Table 4 Comparison with the convolutional compaction [%]

Hardware overhead

The silicon area of the proposed compaction circuitry (as shown in Fig. 1) amounts to a certain number of 2-input XOR gates and flip-flops. Table 5 provides the actual area costs computed with a commercial synthesis tool for the designs of Table 1 (except D5 whose EDT logic is similar to that of D2). All components of our solution were synthesized as an integral part of EDT compression logic by using a 90 nm CMOS standard cell library under 10 ns timing constraint. The table reports the resultant EDT logic [27] silicon overhead as a total equivalent area of two-input NAND gates, and then with respect to combinational (Comb) and non-combinational (Non-Comb) devices.
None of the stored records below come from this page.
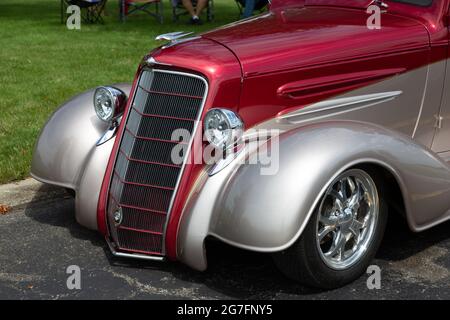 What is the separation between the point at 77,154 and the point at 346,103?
1.59 meters

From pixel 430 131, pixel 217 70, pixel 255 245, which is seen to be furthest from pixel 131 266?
pixel 430 131

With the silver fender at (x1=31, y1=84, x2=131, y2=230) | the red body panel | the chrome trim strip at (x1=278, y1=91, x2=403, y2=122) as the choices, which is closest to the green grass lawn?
the silver fender at (x1=31, y1=84, x2=131, y2=230)

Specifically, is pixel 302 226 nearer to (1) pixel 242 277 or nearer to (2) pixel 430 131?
(1) pixel 242 277

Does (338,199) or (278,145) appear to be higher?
(278,145)

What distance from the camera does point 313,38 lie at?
4.23 meters

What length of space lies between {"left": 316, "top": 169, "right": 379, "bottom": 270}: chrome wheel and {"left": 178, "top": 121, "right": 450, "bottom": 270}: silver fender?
16cm

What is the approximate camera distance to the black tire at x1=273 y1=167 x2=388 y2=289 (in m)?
3.66

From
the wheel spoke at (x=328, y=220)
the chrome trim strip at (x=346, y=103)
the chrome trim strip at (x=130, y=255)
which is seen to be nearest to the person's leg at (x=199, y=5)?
the chrome trim strip at (x=346, y=103)

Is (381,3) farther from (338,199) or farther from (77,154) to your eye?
(77,154)

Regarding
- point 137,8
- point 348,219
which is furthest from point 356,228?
point 137,8

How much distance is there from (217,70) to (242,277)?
1085mm

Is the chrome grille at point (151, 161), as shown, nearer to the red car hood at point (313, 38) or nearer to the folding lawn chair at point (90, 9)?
the red car hood at point (313, 38)

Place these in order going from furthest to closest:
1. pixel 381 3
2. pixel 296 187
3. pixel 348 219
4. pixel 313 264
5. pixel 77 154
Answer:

The area taken by the orthogonal compactor is reported in the second part of the table in rows Spatial (the combinational part) and Time (the sequential part with all associated XOR gates). Note that the time compactor area is further divided into combinational (Time-C) and non-combinational (Time-NC) parts, as shown in two subsequent rows of the table. These numbers are then compared with the corresponding EDT area in rows Spatial% and Time%, respectively, where the area occupied by the compactor is expressed as a percentage of the total EDT area. As can be easily verified, the area overhead of circuitry newly added to EDT for diagnostic purposes, i.e., a shift register with 2-input XOR gates, ranges between 23% and 27% of the entire EDT real estate.

Table 5 Area overhead

6 Conclusion

In this paper, we tackle the fault diagnosis technique for scan-based designs. It is based on results of orthogonal test response compaction and methods used to find maximum bipartite matchings. The proposed solution matches very well the requirements of embedded deterministic test and support high quality test by providing ability to identify failing scan cells directly from the compacted test responses with a minimal impact on existing embedded test logic. Results of experiments conducted on several industrial designs prove feasibility of the proposed approach. In particular, we have shown that even with high compression ratios, exceeding 100x, it is possible to identify exact locations where the errors come from. The scheme is also consistent with the multi-site testing methodology, as it requires only two output pins.